You are viewing a plain text version of this content. The canonical link for it is here.

Posted to users@kafka.apache.org by Jan Filipiak <Ja...@trivago.com> on 2015/02/22 11:16:40 UTC

Re: High CPU usage of Crc32 on Kafka broker

I just want to bring up that idea of no server side de/recompression 
again. Features like KAFKA-1499 
<https://issues.apache.org/jira/browse/KAFKA-1499> seem to steer the 
project into a different direction and the fact that tickets like 
KAFKA-845 <https://issues.apache.org/jira/browse/KAFKA-845> are not 
getting much attention gives the same impression. This is something my 
head keeps spinning around almost 24/7 recently.

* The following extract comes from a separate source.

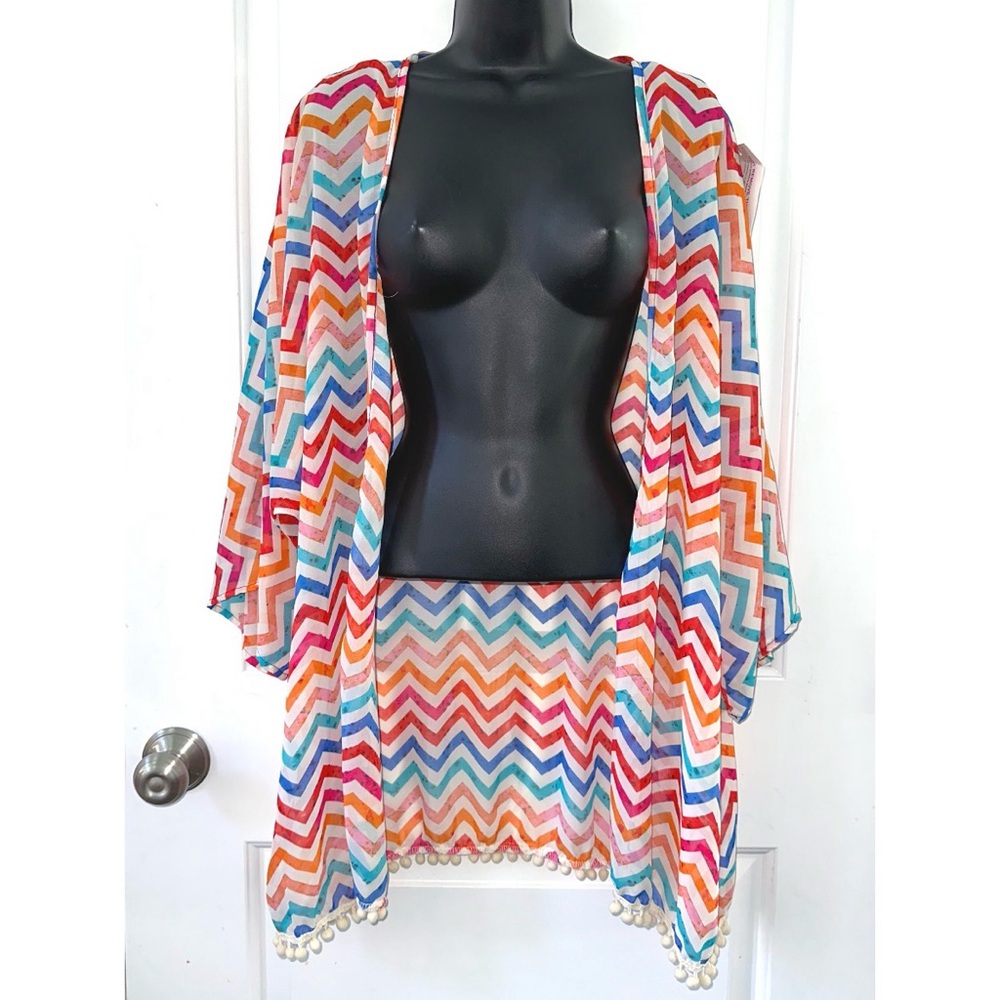 Giddy Up Glamour Boutique Colorful Chevron Print Kimono Shawl size 2x NWT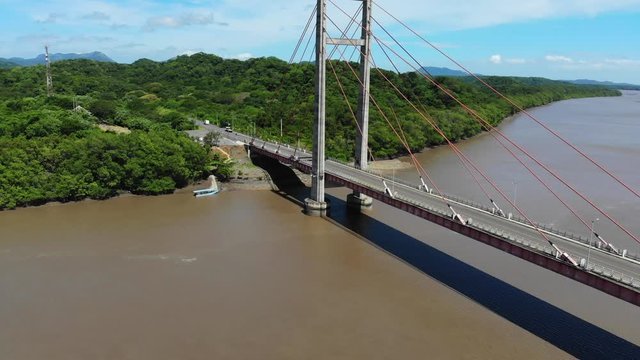 Aerial shot of the Puente de La Amistad de Taiw&aacute;n (Taiwan friendship bridge). Overview shot of bridge. Guanacaste, Costa Rica.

The problem I see is that CPU's are not the cheapest part of a new 
server and if you can spare a gigahertz or some cores by just making 
sure your configs are the same across all producers I would always opt 
for the operational overhead instead of the bigger servers. I think this 
will usually decrease the tco's of kafka installations.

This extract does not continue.